Na prisão, Mansur Dau conta que Kadafi se sentiu abandonado por Berlusconi, Sarkozy, Erdogan e Tony Blair (Philippe Desmazes/AFP)
Da Redação
Publicado em 31 de outubro de 2011 às 12h02.
Misrata, Líbia - Depois de sua prisão, uma pessoa ligada a Muammar Kadafi narrou as últimas semanas do "guia", até sua morte em Sirte no dia 20 de outubro, apresentando um homem "deprimido e ansioso" que preferia "morrer na Líbia a ser julgado" pelo Tribunal Penal Internacional (TPI).
No dia 27 de junho, o TPI emitiu um mandato de prisão para Kadafi, seu filho Saif al-Islam e Abdallah al-Senussi, ex-chefe do serviço secreto e militar da Líbia, por crimes contra a Humanidade.
Esta medida agravou as coisas, afirma Mansur Dau, ex-chefe do serviço de segurança, preso em Misrata: "O mandato do TPI fez com que ele e seus filhos decidissem ficar na Líbia (...) Kadafi dizia 'eu prefiro morrer na Líbia do que ser julgado pelo (procurador do TPI Luis) Moreno-Ocampo'".
Saif al-Islam e um outro filho, Muatassim, "queriam que Kadafi ficasse, sobretudo Saif", considerado seu sucessor, enquanto "Senussi fazia pressão para que ele partisse".
Em 19 de agosto, as forças do Conselho Nacional de Transição (CNT) chegaram a Trípoli e Muammar Kadafi fugiu para Sirte, sua terra natal.
"Kadafi sabia que era o fim (...) desde que suas tropas foram expulsas de Misrata", depois disso "ficou cada vez mais nervoso", lembra Dau.
"Ele estava sob pressão porque seus amigos o abandonaram, Berlusconi (chefe do governo italiano), Sarkozy (presidente francês), Erdogan (primeiro-ministro turco) e Tony Blair (ex-primeiro-ministro britânico).
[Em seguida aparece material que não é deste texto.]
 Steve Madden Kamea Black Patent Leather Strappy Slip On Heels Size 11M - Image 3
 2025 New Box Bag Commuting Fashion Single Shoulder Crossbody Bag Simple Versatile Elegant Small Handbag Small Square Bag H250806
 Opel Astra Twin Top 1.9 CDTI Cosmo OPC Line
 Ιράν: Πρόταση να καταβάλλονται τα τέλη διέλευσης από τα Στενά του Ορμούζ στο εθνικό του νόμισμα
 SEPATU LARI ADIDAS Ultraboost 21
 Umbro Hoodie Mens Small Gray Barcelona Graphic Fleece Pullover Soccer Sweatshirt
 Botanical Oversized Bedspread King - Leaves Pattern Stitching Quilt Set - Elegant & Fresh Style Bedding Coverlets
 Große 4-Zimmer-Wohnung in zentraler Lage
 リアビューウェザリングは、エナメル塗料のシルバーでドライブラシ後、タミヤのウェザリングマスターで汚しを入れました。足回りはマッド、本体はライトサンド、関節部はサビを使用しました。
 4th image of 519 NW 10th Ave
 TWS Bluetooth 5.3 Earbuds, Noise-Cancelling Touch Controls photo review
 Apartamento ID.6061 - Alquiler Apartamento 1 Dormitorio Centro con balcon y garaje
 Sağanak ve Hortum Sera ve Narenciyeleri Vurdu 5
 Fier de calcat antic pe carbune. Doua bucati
Ele considerava estes líderes como amigos próximos", disse.
No início, Kadafi viveu em um hotel em Sirte, mas com os ataques do CNT aos arredores da cidade em meado de setembro, passou a trocar de abrigo quase diariamente por medida de segurança.
Suas provisões diminuíram, começou a chover bombas, combates se intensificaram, devastando a cidade. A eletricidade e a água foram cortadas e os alimentos se tornaram raros.
Muatassim, hoje morto, comandava os combates em Sirte, enquanto Saif, atualmente foragido, "ficou em Bani Walid", outro reduto pró-Kadafi, que caiu logo antes de Sirte. "Eu nunca mais o vi desde então", contou Mansur Dau.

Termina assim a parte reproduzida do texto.